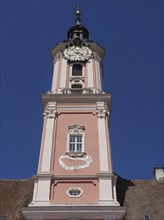 A baroque tower with a clock and pink-coloured façade against a clear blue sky, Meersburg, Germany,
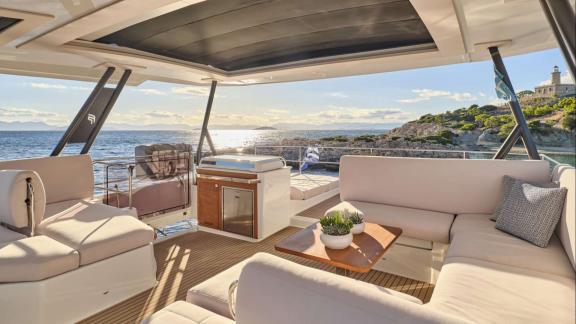 Among catamaran rental options in Athens Majesty of Greece upper deck seating area offers relaxing space with sea view.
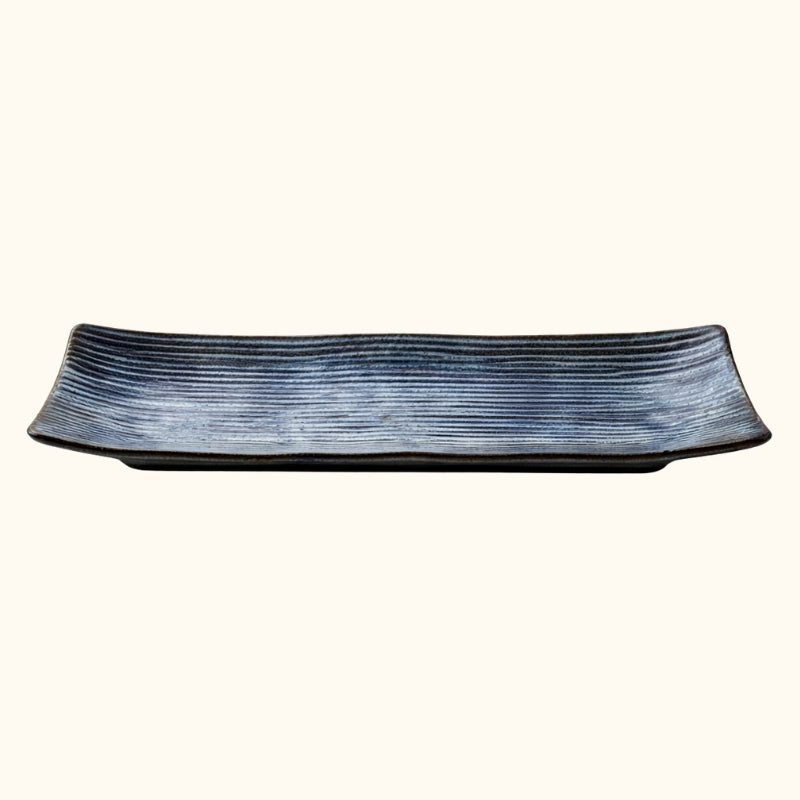 Contemporary blue plate of sushi with horizontal stripe texture in dark indigo ceramic finish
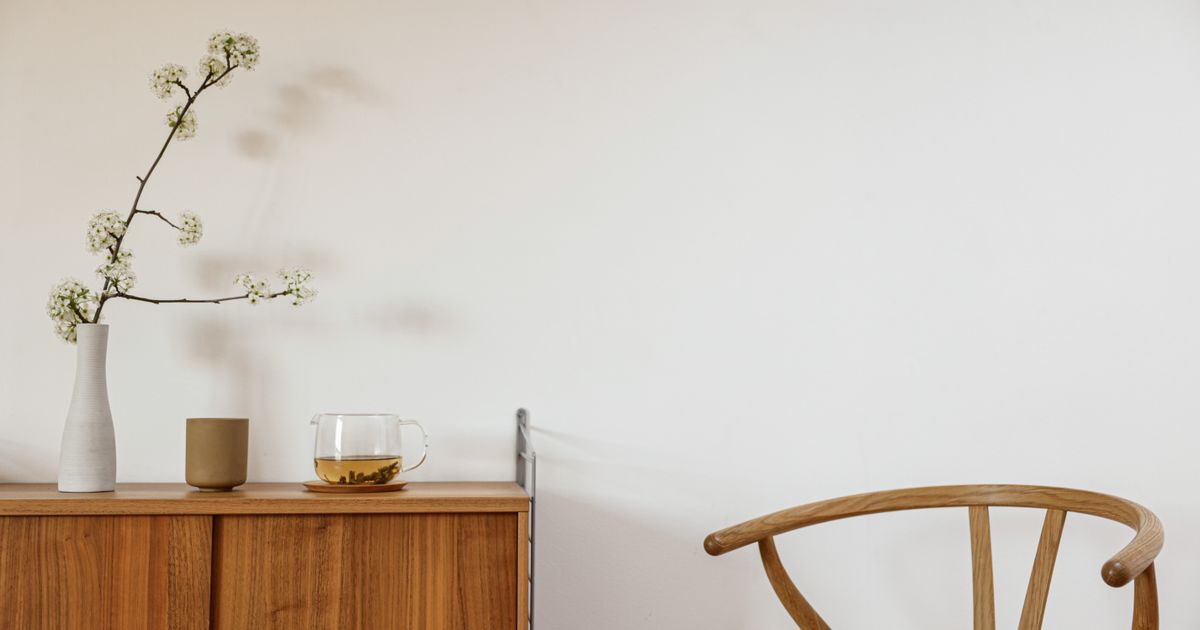 A minimalist room featuring a wooden chair and table, perfect for modern home decor.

▬▬▬▬▬▬

* WHAT YOU ARE ASKED TO DO *
Please output the full listing above exactly, minus any pictures.

* PROBLEM SOLUTION *
 A baroque tower with a clock and pink-coloured façade against a clear blue sky, Meersburg, Germany,
 Among catamaran rental options in Athens Majesty of Greece upper deck seating area offers relaxing space with sea view.
 Contemporary blue plate of sushi with horizontal stripe texture in dark indigo ceramic finish
 A minimalist room featuring a wooden chair and table, perfect for modern home decor.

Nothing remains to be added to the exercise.